▶ [Problem details]:
Your answer must be the full listing, reproduced exactly, minus any pictures.

▶ [Data section]:
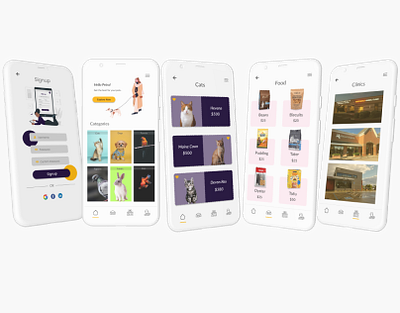 Pet Care App app design desiging figma mobile app mobile screen pet app project ui user interaction uxui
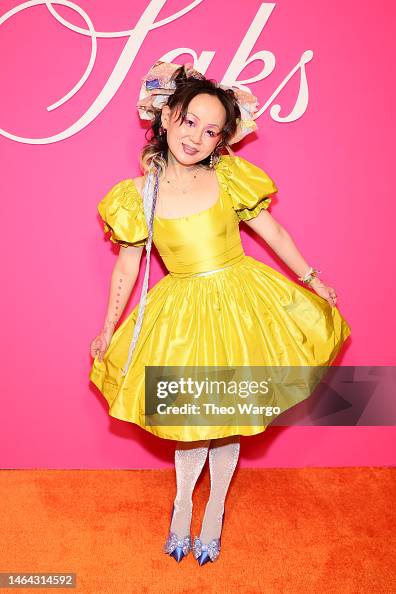Alice Longyu Gao attends Saks Fifth Avenue's New York Fashion Week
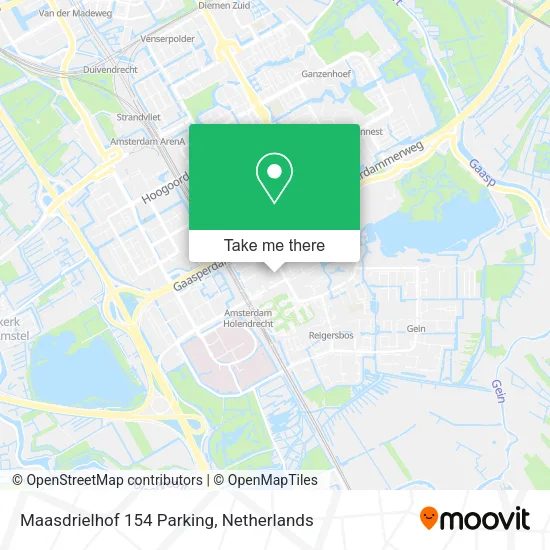 Maasdrielhof 154 Parking map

▶ [Solution to the problem]:
 Pet Care App app design desiging figma mobile app mobile screen pet app project ui user interaction uxui
Alice Longyu Gao attends Saks Fifth Avenue's New York Fashion Week
 Maasdrielhof 154 Parking map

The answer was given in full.